- PROBLEM DESCRIPTION -
Pictures excluded, please transcribe exactly the lines from the one with "西方人,儿童,四个人,伙伴,朋友,攀登,横图,室外,白天" through the end of the records below, and nothing more.

*** Opening of DATA ***

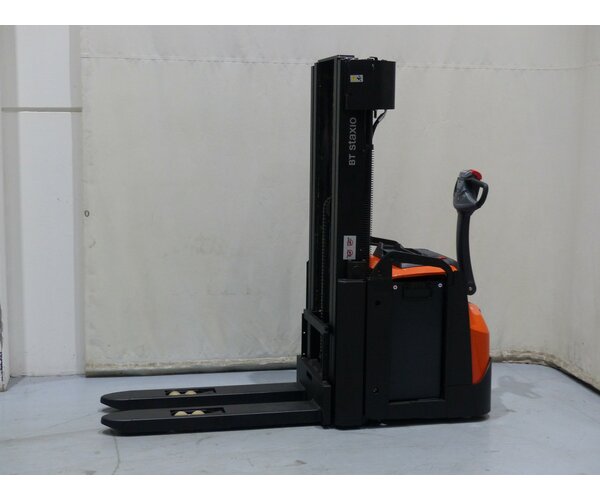 TOYOTA SWE160L 2201022150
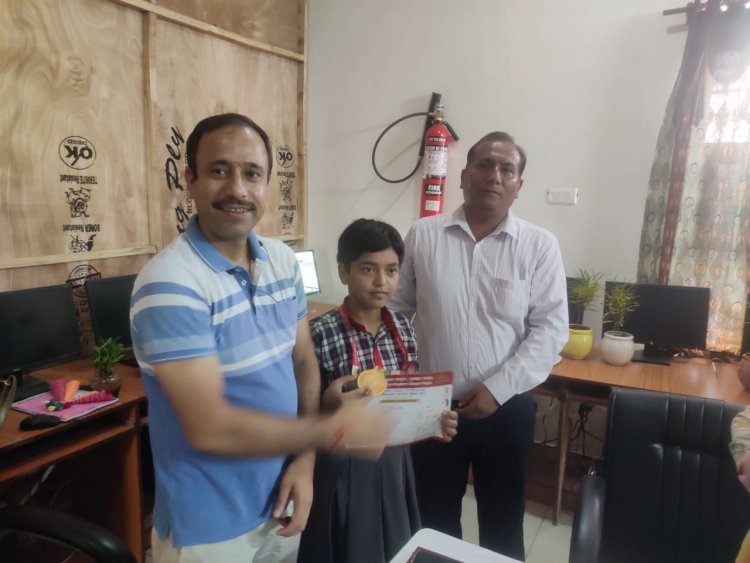 जूडो प्रतियोगिता में स्वर्ण पदक विजेता अर्षिता को एसडीएम ने किया सम्मानित
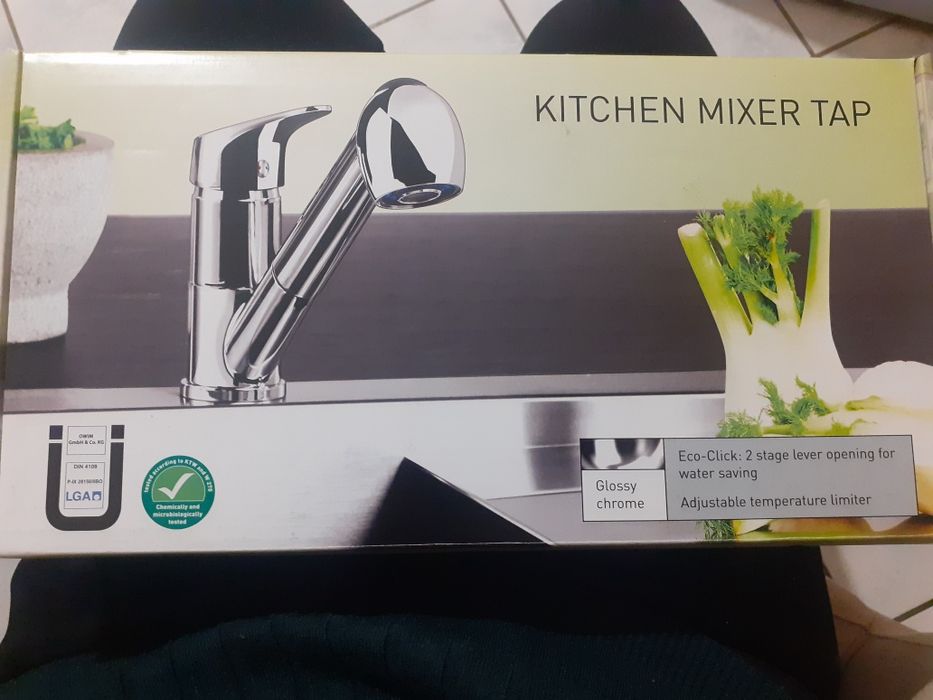 Bateria kuchenna LIVARNO z wyciąganą wylewką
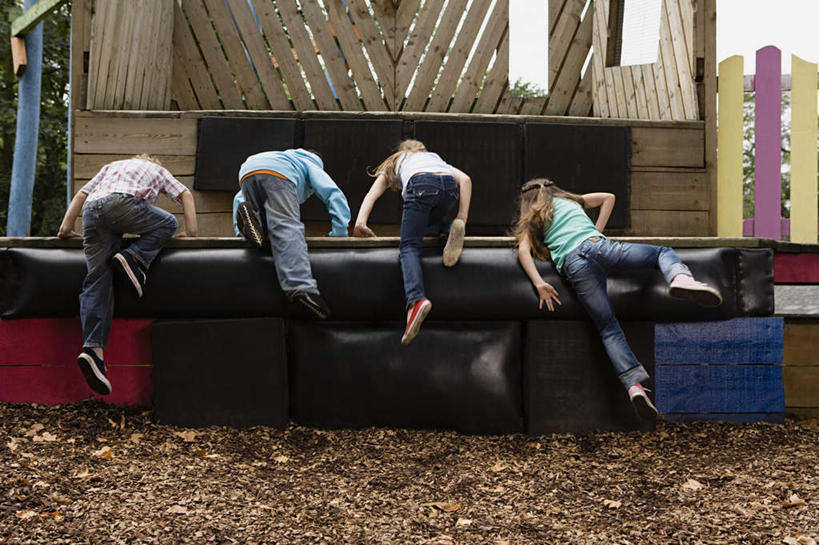 西方人,儿童,四个人,伙伴,朋友,攀登,横图,室外,白天,游戏,友谊,纯洁,叶子,欧洲,非洲,黑人,欧洲人,服装,裤子,枯叶,落叶,玩,牛仔裤,休闲装,娱乐,小孩,背面,衣服,休闲,休闲服,可爱,童年,童趣,服饰,活动,发泄,消遣,智力,童真,烂漫,无邪,宣泄,天真,友情,男孩,男人,男性,女孩,女人,女性,白种人,非洲人,叶,叶片,攀爬,玩耍,嬉戏,彩图,全身,攀缘,男生,女生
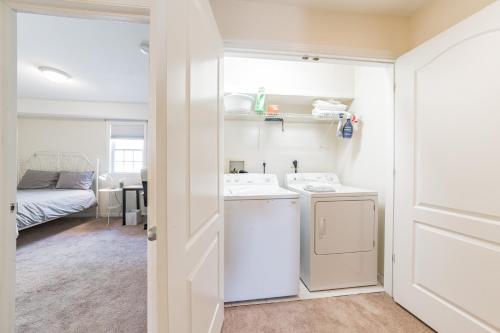 Dapur atau dapur kecil di Luxurious Downtown Haven - Stillwater, Stamford, CT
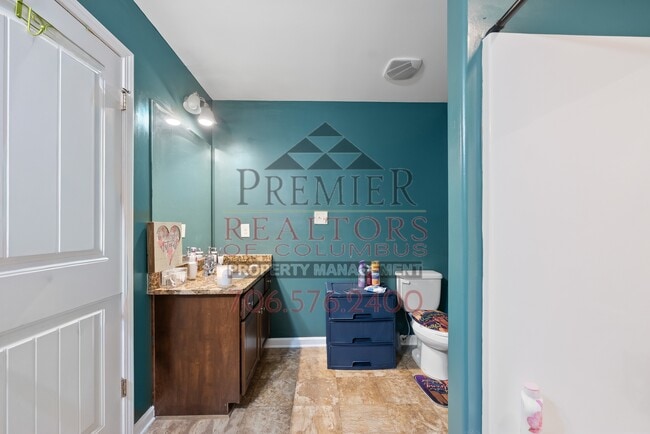 Building Photo - 4940 Brightstar Ln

*** Close of DATA ***

- SOLUTION -
 西方人,儿童,四个人,伙伴,朋友,攀登,横图,室外,白天,游戏,友谊,纯洁,叶子,欧洲,非洲,黑人,欧洲人,服装,裤子,枯叶,落叶,玩,牛仔裤,休闲装,娱乐,小孩,背面,衣服,休闲,休闲服,可爱,童年,童趣,服饰,活动,发泄,消遣,智力,童真,烂漫,无邪,宣泄,天真,友情,男孩,男人,男性,女孩,女人,女性,白种人,非洲人,叶,叶片,攀爬,玩耍,嬉戏,彩图,全身,攀缘,男生,女生
 Dapur atau dapur kecil di Luxurious Downtown Haven - Stillwater, Stamford, CT
 Building Photo - 4940 Brightstar Ln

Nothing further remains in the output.